* [SUPPLIED DATA]:

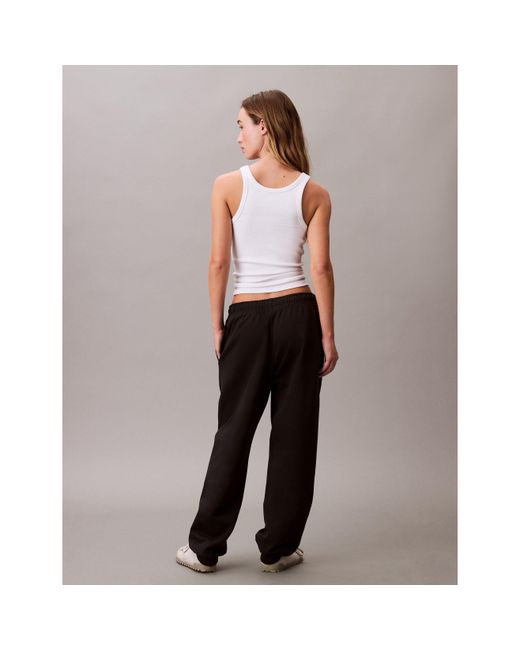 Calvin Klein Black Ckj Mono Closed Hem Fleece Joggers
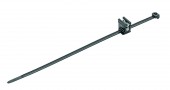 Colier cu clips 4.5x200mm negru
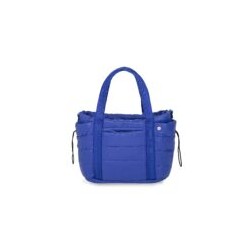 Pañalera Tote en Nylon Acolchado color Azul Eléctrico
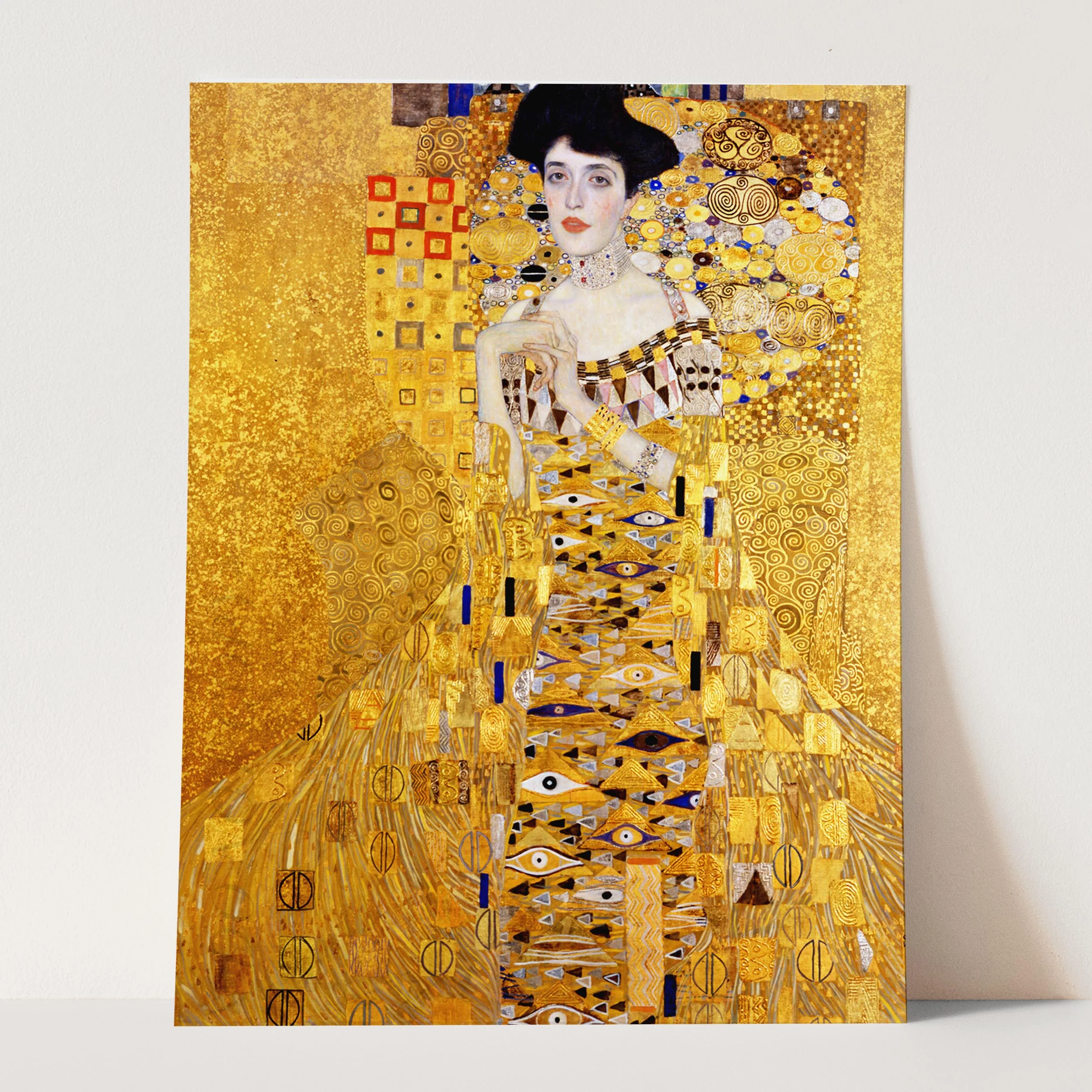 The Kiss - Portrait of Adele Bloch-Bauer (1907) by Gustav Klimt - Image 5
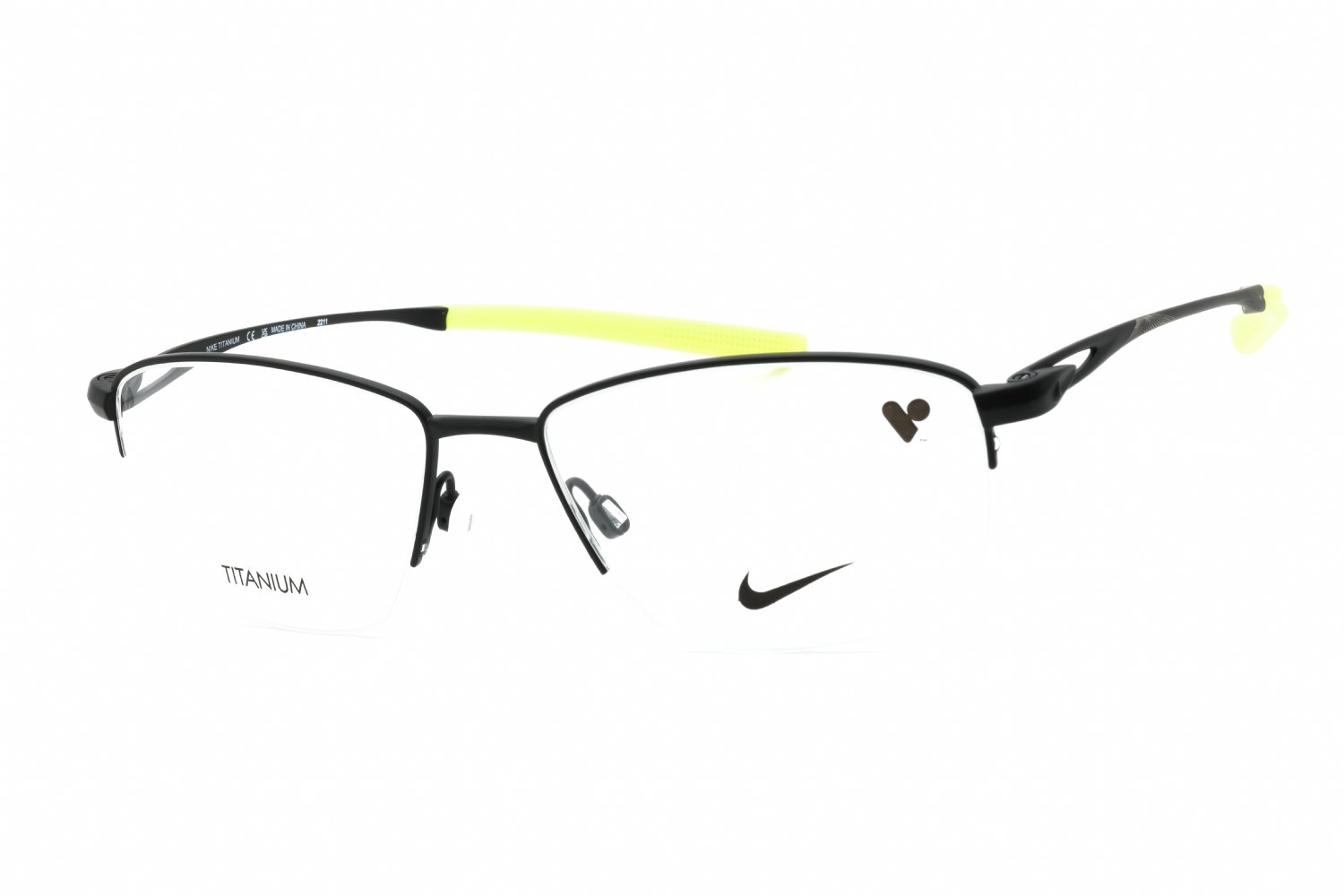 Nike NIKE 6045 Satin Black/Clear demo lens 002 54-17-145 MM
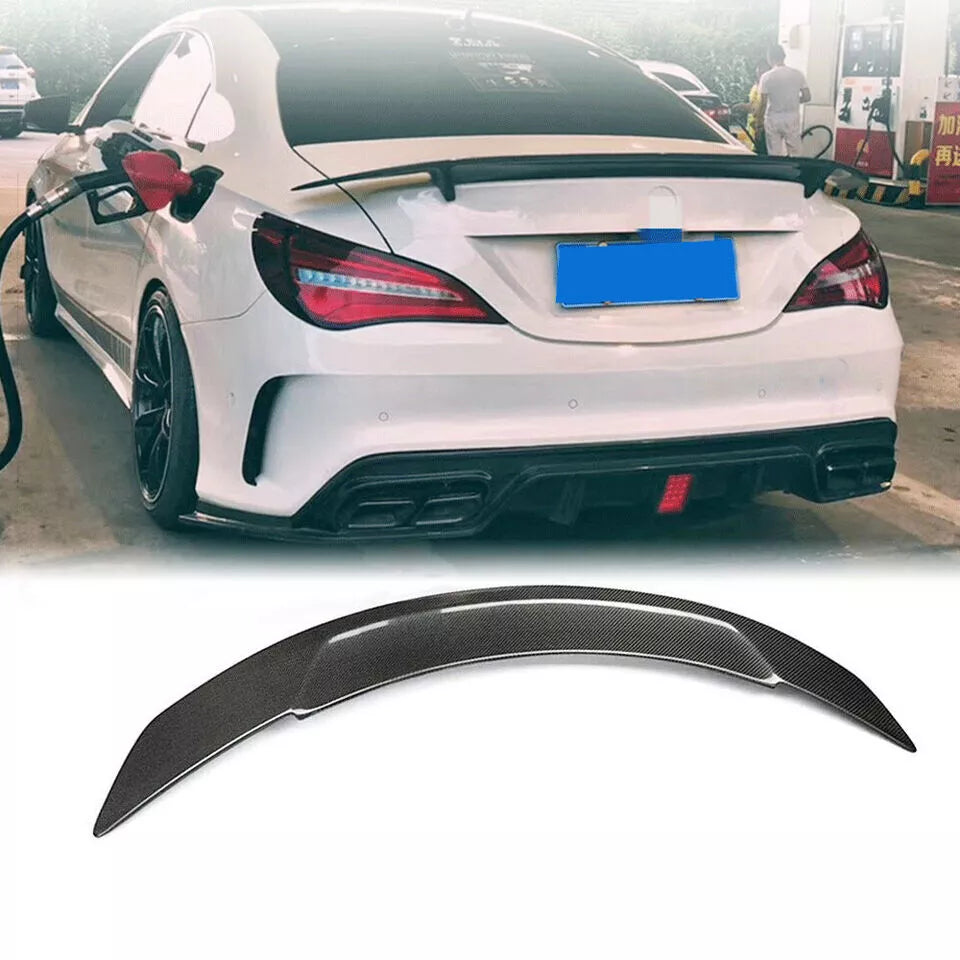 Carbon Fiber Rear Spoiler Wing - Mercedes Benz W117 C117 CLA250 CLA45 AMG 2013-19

* * *

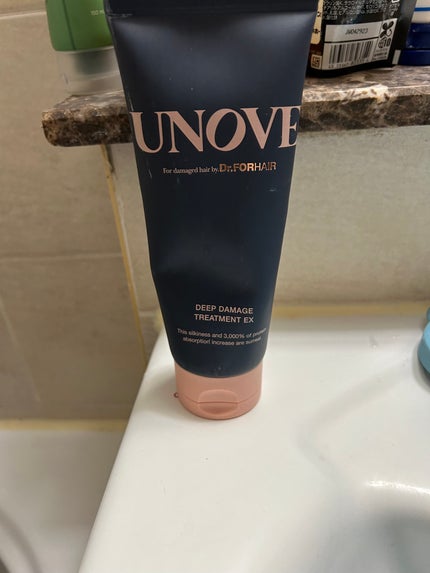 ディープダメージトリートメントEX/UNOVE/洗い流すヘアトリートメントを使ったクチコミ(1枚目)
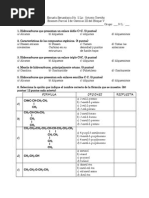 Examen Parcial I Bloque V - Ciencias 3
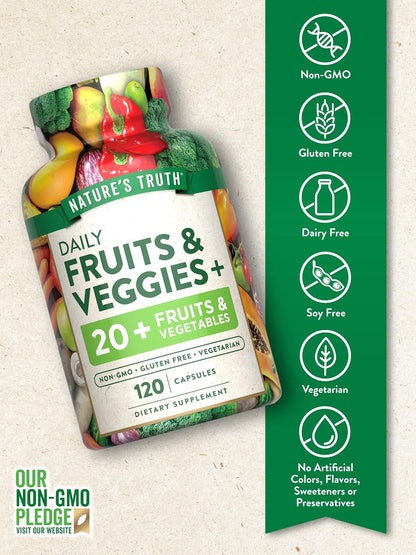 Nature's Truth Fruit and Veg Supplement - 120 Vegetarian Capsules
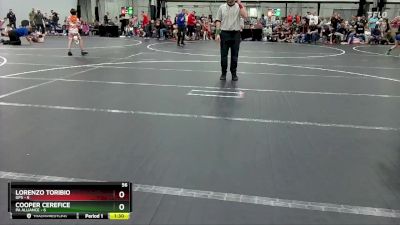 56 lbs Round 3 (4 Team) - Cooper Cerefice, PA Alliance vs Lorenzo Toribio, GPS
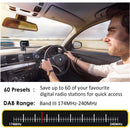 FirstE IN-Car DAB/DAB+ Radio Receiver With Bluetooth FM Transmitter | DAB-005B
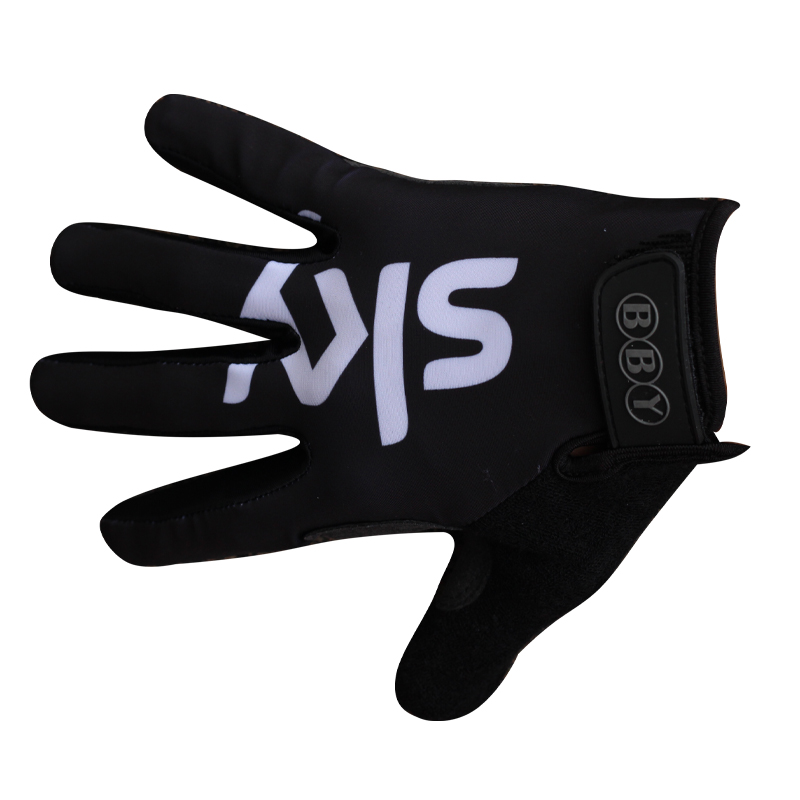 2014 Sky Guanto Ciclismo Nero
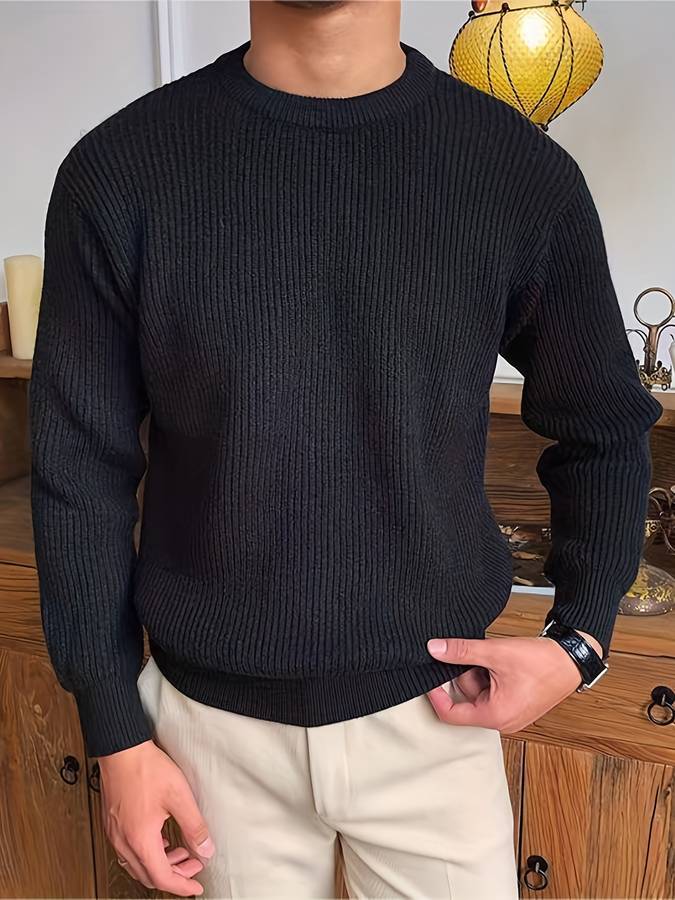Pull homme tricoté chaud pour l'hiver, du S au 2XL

--

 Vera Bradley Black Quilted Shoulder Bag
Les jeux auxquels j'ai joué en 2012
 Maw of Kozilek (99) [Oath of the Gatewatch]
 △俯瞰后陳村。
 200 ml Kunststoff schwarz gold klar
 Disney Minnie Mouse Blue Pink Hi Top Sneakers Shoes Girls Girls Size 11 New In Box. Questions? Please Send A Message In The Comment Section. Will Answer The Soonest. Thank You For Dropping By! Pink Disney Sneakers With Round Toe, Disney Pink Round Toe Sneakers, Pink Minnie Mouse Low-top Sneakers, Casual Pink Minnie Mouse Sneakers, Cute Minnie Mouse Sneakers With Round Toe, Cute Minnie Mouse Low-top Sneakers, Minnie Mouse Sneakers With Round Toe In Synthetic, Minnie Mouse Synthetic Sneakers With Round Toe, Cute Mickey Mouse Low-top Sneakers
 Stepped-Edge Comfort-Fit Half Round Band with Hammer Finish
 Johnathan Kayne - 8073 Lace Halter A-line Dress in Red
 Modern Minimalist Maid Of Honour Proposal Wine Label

* [TASK DESCRIPTION]: Precisely those lines above that run from the line with "Calvin Klein Black" up to and including the line with "Carbon Fiber Rear" are to be set down, with the pictures omitted.

* [RESULT]:
 Calvin Klein Black Ckj Mono Closed Hem Fleece Joggers
 Colier cu clips 4.5x200mm negru
 Pañalera Tote en Nylon Acolchado color Azul Eléctrico
 The Kiss - Portrait of Adele Bloch-Bauer (1907) by Gustav Klimt - Image 5
 Nike NIKE 6045 Satin Black/Clear demo lens 002 54-17-145 MM
 Carbon Fiber Rear Spoiler Wing - Mercedes Benz W117 C117 CLA250 CLA45 AMG 2013-19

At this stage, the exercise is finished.